Kees A. Schouhamer Immink (M’81–SM’86–F’90) received his PhD degree from the Eindhoven University of Technology. He was from 1994 till 2014 an adjunct professor at the Institute for Experimental Mathematics, Essen, Germany. In 1998, he founded Turing Machines Inc., an innovative startup focused on novel signal processing for hard disk drives and solid-state (Flash) memories. He received a Knighthood in 2000, a personal Emmy award in 2004, the 2017 IEEE Medal of Honor, the 1999 AES Gold Medal, the 2004 SMPTE Progress Medal, and the 2015 IET Faraday Medal. He received the Golden Jubilee Award for Technological Innovation by the IEEE Information Theory Society in 1998. He was elected into the (US) National Academy of Engineering. He received an honorary doctorate from the University of Johannesburg in 2014.

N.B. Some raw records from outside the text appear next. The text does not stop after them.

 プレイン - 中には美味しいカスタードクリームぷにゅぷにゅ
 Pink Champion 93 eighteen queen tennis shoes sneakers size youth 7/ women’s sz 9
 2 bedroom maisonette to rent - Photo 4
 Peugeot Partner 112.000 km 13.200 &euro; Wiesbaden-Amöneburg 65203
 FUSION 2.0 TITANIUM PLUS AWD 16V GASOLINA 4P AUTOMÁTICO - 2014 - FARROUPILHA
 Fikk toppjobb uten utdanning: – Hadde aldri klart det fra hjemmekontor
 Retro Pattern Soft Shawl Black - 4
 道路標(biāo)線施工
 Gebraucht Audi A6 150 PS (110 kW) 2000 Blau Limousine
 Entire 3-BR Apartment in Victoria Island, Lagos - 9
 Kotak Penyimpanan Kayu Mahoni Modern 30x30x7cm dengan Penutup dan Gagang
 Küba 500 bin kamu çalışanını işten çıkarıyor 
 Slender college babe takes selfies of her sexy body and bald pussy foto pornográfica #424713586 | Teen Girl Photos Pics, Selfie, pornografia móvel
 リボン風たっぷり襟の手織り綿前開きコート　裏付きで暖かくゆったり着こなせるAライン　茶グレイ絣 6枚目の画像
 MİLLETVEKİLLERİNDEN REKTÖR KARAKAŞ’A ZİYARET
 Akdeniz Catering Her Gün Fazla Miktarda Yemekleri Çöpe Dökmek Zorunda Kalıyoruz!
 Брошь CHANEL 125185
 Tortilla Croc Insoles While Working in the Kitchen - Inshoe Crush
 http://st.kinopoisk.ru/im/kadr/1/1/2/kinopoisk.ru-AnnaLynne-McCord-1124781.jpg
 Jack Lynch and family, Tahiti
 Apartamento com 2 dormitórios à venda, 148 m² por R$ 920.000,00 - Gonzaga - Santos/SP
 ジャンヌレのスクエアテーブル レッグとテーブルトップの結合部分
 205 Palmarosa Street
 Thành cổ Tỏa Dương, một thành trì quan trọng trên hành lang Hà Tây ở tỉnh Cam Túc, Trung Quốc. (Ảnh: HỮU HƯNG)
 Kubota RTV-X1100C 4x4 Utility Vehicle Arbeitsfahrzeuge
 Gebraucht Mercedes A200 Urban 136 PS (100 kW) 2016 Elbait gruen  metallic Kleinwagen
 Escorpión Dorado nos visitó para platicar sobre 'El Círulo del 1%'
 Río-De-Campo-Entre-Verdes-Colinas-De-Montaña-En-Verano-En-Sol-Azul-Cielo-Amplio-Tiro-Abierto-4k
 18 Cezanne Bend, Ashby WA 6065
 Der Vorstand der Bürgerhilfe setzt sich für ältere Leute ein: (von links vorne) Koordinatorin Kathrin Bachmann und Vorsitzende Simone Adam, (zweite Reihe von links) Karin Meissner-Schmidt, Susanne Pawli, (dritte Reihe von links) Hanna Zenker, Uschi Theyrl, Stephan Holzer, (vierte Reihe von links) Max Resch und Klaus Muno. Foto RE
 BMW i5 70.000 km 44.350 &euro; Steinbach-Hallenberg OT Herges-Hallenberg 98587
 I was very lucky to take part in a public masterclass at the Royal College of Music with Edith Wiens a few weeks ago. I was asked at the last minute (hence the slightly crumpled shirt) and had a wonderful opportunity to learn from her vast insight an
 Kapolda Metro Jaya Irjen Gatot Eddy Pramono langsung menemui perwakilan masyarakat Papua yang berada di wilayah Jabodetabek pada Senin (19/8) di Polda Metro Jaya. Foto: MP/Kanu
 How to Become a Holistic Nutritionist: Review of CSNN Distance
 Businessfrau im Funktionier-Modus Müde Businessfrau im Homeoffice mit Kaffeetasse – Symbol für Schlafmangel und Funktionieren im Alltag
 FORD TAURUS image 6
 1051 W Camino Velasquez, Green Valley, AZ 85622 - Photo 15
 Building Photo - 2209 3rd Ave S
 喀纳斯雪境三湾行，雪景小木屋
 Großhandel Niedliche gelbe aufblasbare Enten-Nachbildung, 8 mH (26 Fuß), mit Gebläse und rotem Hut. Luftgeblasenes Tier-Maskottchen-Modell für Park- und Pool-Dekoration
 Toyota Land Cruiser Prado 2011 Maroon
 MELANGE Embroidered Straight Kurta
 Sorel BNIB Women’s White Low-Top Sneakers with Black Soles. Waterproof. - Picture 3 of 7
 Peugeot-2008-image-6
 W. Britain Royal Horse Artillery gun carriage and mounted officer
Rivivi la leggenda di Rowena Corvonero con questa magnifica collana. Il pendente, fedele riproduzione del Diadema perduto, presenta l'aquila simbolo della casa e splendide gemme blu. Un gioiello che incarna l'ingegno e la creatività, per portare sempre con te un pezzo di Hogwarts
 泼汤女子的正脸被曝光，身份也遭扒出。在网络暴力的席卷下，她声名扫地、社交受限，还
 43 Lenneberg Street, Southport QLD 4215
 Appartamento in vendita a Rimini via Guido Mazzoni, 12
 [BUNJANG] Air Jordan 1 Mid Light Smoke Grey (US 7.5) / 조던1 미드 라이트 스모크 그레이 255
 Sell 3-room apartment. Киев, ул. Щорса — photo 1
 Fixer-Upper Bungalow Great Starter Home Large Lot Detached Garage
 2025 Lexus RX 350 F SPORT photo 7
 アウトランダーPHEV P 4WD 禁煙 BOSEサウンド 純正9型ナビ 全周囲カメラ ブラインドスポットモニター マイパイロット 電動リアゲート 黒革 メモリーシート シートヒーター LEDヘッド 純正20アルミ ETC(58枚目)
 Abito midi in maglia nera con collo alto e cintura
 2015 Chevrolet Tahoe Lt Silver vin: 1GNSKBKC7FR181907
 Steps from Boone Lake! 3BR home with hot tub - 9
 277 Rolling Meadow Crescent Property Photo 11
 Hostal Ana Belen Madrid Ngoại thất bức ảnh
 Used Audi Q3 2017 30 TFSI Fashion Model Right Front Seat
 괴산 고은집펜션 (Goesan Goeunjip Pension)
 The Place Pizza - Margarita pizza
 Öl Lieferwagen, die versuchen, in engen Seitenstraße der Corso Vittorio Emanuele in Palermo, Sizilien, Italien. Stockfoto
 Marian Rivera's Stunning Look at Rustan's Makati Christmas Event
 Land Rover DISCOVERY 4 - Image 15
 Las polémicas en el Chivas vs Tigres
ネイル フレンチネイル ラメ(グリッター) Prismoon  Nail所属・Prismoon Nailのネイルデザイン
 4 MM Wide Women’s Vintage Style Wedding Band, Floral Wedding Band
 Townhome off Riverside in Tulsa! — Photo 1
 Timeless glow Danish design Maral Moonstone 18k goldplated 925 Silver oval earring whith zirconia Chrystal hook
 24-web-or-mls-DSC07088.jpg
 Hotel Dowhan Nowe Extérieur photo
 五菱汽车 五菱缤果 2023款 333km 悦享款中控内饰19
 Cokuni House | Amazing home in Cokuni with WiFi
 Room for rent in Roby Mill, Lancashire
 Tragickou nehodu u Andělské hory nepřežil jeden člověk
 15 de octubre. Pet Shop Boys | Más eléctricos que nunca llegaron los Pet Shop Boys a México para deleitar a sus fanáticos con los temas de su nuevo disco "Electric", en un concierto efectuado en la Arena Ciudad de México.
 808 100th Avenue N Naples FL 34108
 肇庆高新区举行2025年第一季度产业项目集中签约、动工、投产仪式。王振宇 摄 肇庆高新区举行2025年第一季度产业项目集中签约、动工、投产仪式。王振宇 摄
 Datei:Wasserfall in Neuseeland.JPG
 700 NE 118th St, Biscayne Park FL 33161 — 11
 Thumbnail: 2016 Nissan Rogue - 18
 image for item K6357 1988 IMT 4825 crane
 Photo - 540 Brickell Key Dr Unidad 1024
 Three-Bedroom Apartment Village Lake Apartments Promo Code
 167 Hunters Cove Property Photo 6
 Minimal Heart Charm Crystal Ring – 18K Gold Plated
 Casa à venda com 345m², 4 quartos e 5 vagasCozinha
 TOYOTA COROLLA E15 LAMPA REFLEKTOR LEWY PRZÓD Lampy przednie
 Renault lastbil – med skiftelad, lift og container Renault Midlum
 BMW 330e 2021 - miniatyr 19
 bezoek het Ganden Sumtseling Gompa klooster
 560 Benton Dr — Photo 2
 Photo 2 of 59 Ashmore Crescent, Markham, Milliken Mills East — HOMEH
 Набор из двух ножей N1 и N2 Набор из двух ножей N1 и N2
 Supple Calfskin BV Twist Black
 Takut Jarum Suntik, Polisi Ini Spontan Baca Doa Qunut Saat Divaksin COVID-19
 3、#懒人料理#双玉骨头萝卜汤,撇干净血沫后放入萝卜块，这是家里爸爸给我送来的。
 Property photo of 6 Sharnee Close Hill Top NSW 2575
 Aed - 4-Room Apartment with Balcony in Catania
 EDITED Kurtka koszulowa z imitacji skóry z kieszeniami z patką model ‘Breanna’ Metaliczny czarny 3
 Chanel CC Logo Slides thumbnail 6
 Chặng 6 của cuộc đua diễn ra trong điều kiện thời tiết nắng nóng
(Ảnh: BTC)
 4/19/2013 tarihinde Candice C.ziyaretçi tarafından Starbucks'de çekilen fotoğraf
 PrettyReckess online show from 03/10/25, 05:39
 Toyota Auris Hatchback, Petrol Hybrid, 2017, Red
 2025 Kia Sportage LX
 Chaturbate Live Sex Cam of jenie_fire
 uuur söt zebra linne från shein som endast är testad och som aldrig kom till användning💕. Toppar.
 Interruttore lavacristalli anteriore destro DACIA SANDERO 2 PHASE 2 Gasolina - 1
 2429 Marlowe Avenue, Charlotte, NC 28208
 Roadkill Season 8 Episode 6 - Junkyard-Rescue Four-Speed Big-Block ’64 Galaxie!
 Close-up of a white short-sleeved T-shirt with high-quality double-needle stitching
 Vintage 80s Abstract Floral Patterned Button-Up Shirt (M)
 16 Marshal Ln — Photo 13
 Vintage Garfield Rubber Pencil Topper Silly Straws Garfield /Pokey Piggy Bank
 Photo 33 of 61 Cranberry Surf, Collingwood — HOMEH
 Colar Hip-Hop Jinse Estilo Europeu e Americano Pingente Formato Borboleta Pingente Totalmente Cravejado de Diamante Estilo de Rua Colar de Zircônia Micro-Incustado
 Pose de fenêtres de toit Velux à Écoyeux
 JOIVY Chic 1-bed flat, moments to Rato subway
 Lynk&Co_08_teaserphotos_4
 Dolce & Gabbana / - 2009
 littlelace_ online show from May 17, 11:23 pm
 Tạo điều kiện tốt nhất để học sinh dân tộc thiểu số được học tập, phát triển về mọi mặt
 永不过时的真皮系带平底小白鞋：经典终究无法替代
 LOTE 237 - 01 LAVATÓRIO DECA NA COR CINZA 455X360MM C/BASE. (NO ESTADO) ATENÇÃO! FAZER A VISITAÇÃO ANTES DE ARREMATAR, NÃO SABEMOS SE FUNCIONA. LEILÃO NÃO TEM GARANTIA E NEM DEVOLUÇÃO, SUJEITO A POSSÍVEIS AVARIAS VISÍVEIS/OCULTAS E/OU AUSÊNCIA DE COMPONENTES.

Kui Cai received B.E. degree in information and control engineering from Shanghai Jiao Tong University, Shanghai, China, M.Eng degree in electrical engineering from National University of Singapore, and joint Ph.D. degree in electrical engineering from Technical University of Eindhoven, The Netherlands, and National University of Singapore. Currently, she is an Associate Professor with Singapore University of Technology and Design (SUTD). She received 2008 IEEE Communications Society Best Paper Award in Coding and Signal Processing for Data Storage. She served as the Vice-Chair (Academia) of IEEE Communications Society, Data Storage Technical Committee (DSTC) during 2015 and 2016. Her main research interests are in the areas of coding theory, information theory, and signal processing for various data storage systems and digital communications.